On the flight in, my traveling companions and I used to bet beers to see who could come closest to guessing how long it would take us to get out of the terminal. Anyone who guessed less than an hour was considered to be either a fool or simply generous with his beer money. In those days, two hours was a safer bet.

I'm thinking about those times, standing at baggage claim just past midnight Thursday, having arrived on one of the first direct flights from London (continuing to Tashkent, whereas before the route was through Tbilisi).

I have walked off a well-equipped, comfortable and friendly-staffed carrier, through a warm jet-way into a well-lit (relatively) and urine-free terminal and down an escalator to a single kiosk where an officer stamps my passport and five minutes since leaving my seat I am standing at the baggage carousel.

There are no scruffy men around pushing their way through with carts or grabbing for luggage, which starts spitting out of the conveyor some 15 minutes after we've landed. I have arrived at 12:15 and will be in my flat by 1. I would have won beers with a bet under an hour this night. Unthinkable.

I'm thinking of drastic changes in short time and am almost nostalgic for the recent old and unsophisticated days when . . .
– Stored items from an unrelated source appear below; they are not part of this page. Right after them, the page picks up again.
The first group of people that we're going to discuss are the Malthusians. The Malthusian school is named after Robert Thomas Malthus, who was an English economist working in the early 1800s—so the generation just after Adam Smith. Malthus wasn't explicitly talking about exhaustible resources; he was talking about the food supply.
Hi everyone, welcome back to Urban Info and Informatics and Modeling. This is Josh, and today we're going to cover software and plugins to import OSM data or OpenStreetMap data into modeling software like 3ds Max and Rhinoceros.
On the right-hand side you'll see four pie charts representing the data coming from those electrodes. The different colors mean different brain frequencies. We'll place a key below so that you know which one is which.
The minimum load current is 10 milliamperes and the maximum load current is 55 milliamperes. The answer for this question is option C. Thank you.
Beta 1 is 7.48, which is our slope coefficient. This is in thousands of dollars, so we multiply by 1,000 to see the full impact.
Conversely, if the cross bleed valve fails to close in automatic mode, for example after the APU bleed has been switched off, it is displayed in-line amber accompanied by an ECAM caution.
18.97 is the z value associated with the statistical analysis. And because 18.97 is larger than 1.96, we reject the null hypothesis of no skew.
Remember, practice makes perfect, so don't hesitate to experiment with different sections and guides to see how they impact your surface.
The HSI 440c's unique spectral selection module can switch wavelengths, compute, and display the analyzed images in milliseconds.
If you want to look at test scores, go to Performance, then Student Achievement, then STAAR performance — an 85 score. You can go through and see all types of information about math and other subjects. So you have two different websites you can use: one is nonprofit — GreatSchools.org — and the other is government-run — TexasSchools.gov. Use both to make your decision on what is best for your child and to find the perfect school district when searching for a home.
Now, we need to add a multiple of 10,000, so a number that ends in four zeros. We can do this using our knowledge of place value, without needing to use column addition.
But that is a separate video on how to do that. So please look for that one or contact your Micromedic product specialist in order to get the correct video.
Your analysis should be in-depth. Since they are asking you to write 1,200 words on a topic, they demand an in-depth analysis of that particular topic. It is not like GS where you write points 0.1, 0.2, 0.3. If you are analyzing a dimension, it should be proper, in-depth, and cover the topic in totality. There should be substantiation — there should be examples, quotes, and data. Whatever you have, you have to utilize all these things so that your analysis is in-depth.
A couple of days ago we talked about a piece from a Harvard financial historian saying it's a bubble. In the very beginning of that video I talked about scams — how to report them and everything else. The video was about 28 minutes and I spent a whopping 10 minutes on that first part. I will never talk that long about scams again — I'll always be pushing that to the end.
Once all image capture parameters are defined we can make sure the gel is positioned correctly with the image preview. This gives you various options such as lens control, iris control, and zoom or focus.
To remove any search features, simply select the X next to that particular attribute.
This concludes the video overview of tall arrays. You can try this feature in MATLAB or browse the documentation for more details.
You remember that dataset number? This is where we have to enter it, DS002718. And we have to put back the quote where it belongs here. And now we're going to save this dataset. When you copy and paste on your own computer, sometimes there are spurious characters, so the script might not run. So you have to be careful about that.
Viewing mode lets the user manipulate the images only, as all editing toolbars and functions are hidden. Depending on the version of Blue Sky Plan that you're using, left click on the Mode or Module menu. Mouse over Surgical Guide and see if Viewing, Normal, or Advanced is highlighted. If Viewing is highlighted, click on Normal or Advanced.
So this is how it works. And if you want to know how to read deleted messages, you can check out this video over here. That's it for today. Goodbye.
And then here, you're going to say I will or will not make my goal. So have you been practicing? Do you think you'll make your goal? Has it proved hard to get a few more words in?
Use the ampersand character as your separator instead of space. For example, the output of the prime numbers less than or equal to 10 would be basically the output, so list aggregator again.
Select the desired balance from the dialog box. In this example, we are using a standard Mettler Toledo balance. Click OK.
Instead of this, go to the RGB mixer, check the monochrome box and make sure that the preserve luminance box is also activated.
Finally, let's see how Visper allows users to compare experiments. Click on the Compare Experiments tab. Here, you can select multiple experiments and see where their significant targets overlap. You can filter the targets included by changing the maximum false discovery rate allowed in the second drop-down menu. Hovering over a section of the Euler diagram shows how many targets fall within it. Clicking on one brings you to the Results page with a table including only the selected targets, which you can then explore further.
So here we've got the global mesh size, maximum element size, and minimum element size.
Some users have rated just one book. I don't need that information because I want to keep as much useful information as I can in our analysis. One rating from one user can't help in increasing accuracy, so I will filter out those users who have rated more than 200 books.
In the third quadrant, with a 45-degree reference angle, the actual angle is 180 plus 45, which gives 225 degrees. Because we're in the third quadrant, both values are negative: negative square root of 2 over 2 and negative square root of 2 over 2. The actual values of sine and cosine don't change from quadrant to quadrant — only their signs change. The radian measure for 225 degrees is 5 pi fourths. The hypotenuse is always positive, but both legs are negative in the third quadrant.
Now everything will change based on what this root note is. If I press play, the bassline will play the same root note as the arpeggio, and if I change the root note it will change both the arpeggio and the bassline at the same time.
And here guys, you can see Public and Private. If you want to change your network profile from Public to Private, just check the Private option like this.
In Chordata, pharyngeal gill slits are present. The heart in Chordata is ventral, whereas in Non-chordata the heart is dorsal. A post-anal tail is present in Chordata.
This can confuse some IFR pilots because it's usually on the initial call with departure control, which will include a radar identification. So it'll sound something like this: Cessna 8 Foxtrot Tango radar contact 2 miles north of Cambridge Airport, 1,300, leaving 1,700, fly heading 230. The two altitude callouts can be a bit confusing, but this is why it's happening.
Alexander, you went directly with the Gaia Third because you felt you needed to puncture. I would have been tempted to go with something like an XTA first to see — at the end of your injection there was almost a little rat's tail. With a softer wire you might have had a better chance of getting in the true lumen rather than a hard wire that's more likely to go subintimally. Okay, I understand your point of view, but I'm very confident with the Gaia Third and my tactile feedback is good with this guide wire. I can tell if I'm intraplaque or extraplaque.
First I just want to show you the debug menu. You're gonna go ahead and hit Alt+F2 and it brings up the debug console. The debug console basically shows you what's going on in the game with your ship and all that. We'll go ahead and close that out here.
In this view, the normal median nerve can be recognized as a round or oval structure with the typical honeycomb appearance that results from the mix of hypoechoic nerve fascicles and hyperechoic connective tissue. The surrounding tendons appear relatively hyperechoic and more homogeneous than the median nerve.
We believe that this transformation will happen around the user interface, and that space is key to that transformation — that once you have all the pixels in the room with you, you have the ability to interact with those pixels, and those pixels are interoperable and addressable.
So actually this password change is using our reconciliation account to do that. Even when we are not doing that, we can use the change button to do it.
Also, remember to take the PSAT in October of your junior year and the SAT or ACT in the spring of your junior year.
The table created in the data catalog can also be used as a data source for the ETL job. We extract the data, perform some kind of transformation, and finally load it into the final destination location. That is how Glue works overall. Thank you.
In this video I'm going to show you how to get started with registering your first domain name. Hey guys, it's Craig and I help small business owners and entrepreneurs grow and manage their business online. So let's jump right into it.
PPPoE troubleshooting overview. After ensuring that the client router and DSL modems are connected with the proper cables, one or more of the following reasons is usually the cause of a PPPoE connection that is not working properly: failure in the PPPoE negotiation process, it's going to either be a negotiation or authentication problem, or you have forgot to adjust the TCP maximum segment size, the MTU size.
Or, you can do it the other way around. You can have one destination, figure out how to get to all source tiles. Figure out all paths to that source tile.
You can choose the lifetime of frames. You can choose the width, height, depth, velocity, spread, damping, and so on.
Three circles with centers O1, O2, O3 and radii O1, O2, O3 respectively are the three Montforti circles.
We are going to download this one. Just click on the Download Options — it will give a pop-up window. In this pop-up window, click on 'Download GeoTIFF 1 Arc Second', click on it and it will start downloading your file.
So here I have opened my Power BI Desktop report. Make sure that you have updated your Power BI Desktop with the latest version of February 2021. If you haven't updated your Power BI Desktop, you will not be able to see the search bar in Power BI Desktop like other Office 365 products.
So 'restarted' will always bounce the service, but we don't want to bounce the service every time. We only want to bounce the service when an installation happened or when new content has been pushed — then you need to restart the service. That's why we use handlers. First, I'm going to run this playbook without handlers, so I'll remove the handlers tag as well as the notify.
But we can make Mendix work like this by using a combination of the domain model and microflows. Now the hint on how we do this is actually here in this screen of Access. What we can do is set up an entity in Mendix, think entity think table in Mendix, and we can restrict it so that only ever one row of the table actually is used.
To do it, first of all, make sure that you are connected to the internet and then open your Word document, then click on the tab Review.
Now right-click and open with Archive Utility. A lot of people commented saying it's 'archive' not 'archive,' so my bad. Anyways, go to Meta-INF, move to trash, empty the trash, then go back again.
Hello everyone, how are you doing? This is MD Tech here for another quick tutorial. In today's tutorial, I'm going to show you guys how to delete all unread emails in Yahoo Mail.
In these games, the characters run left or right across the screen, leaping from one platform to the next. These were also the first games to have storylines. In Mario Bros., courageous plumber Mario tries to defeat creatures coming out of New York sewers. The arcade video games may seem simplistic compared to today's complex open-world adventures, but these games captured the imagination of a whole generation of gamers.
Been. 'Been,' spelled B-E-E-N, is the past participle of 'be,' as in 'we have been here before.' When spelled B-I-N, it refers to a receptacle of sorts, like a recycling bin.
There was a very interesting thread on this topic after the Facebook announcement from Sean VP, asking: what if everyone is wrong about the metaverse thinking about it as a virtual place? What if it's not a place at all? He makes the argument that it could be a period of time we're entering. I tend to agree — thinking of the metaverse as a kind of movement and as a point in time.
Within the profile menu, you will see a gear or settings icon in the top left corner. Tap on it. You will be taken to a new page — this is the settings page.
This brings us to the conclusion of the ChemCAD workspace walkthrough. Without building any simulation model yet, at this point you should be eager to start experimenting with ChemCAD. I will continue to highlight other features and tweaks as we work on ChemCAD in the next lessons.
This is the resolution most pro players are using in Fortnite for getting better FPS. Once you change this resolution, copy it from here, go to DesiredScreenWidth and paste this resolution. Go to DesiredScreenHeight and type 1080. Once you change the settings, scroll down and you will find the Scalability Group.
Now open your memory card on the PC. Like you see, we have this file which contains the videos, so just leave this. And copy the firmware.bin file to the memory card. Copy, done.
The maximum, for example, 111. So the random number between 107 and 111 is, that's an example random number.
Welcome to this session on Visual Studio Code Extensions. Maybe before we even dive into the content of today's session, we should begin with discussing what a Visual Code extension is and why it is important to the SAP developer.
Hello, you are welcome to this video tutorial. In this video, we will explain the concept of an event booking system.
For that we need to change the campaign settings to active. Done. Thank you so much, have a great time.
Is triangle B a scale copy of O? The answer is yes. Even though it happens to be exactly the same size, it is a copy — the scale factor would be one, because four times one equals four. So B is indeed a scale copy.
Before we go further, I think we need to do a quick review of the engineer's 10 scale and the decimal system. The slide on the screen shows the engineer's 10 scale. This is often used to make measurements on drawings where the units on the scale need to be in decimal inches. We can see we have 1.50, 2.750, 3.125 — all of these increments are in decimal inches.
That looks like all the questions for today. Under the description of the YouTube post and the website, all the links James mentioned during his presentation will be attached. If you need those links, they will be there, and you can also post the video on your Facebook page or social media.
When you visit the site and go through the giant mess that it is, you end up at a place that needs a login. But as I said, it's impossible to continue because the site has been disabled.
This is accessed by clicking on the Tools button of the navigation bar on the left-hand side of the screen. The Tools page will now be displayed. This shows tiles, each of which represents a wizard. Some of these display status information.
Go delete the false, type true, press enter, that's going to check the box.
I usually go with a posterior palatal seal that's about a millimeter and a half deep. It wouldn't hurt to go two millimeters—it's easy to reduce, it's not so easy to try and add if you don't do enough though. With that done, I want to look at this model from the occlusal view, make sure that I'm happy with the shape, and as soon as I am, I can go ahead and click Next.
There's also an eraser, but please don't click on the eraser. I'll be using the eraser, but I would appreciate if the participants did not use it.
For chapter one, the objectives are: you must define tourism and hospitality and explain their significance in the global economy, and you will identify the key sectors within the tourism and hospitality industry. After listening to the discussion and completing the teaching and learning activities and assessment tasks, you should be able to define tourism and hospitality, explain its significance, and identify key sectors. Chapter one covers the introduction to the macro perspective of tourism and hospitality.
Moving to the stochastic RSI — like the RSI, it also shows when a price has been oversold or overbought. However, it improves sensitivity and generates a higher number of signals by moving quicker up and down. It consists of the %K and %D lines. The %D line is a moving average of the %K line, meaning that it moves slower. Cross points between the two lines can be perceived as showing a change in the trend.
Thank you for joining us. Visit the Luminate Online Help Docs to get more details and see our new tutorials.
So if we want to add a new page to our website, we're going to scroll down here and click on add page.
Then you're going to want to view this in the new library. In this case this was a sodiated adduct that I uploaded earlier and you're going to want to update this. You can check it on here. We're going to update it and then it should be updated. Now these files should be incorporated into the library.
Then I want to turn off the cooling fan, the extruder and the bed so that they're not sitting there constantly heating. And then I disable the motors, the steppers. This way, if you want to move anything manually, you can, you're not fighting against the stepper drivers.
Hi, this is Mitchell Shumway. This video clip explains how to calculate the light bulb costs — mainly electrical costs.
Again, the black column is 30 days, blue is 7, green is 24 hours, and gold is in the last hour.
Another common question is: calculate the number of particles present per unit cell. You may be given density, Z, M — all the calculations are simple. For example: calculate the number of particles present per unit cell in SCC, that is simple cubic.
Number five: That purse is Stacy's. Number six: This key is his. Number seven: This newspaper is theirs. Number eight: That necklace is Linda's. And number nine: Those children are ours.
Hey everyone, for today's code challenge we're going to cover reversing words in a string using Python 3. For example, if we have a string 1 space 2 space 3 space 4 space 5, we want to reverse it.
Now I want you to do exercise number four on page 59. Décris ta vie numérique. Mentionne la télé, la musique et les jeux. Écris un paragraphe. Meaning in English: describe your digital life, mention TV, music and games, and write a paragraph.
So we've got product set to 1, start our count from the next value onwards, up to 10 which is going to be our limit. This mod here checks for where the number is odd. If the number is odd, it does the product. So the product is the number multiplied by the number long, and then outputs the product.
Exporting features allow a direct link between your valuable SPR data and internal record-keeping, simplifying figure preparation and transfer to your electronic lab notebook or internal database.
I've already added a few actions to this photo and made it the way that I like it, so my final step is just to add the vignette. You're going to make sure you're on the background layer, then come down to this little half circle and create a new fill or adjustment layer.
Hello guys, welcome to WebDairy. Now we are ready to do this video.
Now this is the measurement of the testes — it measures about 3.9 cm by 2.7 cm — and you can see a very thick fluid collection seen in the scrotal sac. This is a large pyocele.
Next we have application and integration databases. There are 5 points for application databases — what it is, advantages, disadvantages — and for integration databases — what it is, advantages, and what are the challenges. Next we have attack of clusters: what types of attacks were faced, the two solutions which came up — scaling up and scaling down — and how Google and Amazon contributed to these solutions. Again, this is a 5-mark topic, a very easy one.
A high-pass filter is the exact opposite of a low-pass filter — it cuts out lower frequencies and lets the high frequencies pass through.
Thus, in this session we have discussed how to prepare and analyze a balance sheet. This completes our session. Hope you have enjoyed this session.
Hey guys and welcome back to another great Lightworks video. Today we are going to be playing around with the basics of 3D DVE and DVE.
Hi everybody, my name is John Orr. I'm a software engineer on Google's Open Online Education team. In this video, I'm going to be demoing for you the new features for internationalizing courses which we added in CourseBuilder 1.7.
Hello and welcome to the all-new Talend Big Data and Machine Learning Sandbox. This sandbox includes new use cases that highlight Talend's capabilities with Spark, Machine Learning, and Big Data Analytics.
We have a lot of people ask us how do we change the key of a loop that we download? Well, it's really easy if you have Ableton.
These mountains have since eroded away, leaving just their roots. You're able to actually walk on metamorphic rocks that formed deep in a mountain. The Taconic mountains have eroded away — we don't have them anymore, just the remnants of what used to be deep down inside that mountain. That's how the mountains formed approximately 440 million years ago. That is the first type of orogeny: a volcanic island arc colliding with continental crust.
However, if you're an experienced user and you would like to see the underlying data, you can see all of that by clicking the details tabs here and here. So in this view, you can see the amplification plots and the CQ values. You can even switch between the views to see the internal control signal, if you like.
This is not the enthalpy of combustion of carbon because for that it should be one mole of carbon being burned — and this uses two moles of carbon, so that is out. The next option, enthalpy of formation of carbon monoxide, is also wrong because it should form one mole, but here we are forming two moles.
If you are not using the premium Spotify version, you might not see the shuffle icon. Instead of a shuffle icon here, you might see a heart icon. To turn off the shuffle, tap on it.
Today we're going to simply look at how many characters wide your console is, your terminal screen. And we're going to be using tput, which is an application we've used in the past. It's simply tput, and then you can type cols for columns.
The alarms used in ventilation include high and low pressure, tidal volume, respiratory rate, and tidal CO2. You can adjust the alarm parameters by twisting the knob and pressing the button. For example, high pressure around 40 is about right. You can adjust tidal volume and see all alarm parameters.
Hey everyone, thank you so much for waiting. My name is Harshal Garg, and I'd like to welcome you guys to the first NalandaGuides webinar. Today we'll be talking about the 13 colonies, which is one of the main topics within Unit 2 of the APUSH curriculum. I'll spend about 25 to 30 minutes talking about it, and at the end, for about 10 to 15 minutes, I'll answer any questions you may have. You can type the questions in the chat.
The first thing to appear through the narrow conveyor door, is not a case of luggage but rather a crouching Armenian man in all black, with a four-day beard and, of course, smoking a cigarette.

"Look to see if he has a Glendale address," I say to a fellow traveler.

I'm happy to see improvements in this place. But happy, too, to see that even progress hasn't yet robbed Armenia of its often unexpected and rough-edged charm.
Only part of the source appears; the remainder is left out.